- Founded: 2007; 19 years ago
- Type: Non Governmental Organisation (NGO)
- Location: Sha Kok Estate, Sha Tin, New Territories, Hong Kong
- Executive Director: Dr Jimmy KY WONG
- Area served: Hong Kong
- Focus: Gifted education
- Motto: "Beyond Giftedness"
- Website: www.hkage.org.hk

= Hong Kong Academy for Gifted Education =

Non-governmental organisation in Hong Kong

 The Hong Kong Academy for Gifted Education (HKAGE) is a non-governmental organisation that offers information, support, and learning opportunities to gifted students aged 10–18 years.

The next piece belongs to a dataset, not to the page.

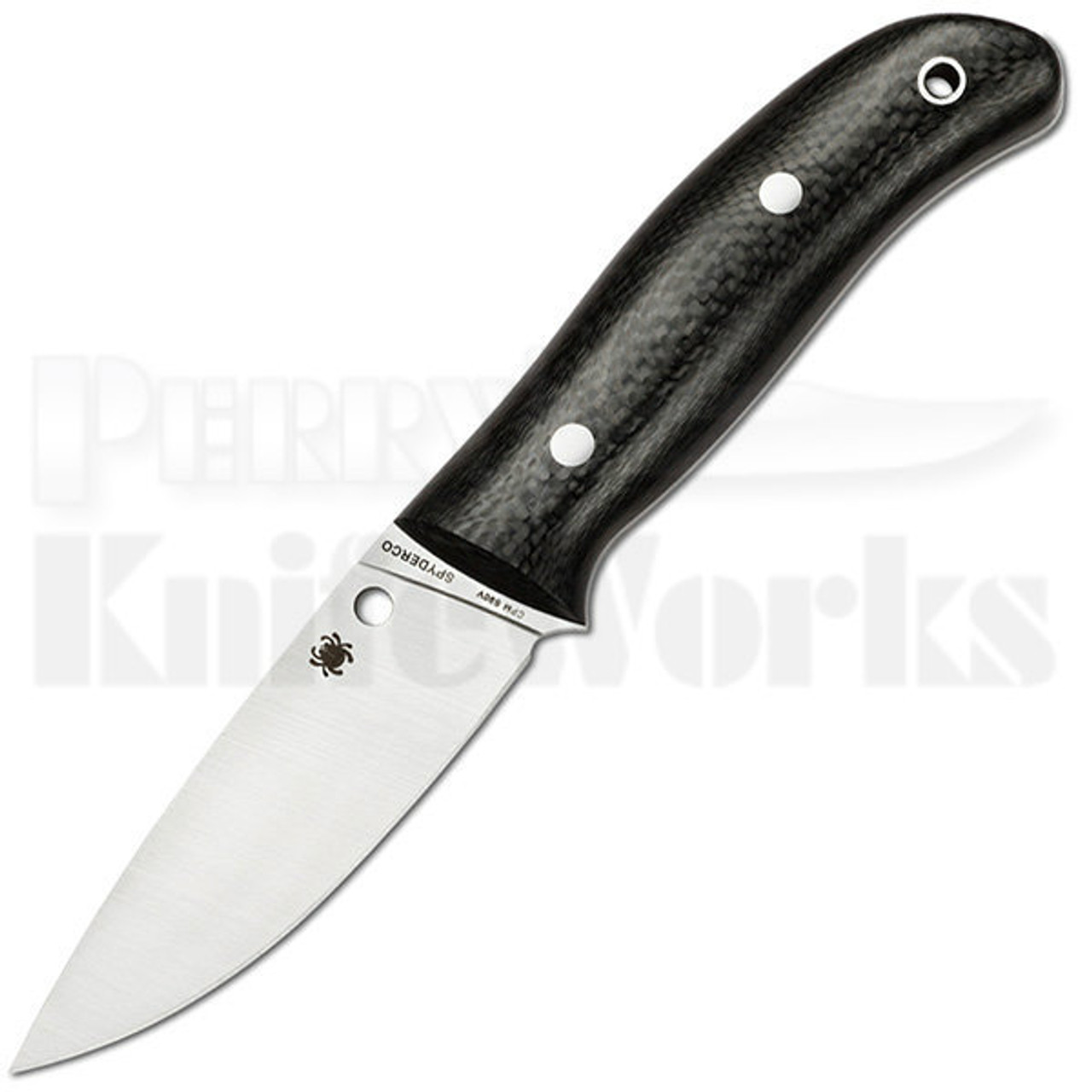 Spyderco Proficient Carbon Fiber Fixed Blade Knife (Satin)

It was established in 2007. HKAGE offers the majority of its programs and services to gifted students at no cost.

== History ==
Gifted education in Hong Kong started in 1990 when the development of school-based gifted education was initiated by the Education Commission Report No. 4.
In the Policy Address 2006-07, Chief Executive Donald Tsang announced the establishment of the HKAGE to provide structured, articulated and challenging off-site programs for gifted students, and to promote the concepts and practices of gifted education.

The Legislative Council Panel on Education discussed in November 2006 the Administration’s proposal to provide financial support for the establishment of the HKAGE.

HKAGE was founded in 2007. HKAGE received start-up funding from the Government and Sir Joseph Hotung to support its establishment. HKAGE started the planning and preparatory work in early 2008 and delivery of programs and services at Kowloon Tong Education Services Centre in September 2008.

HKAGE moved to Sha Kok Estate in Sha Tin, adjacent to the Shing Mun River, in January 2012, to accommodate a larger capacity and improved facilities.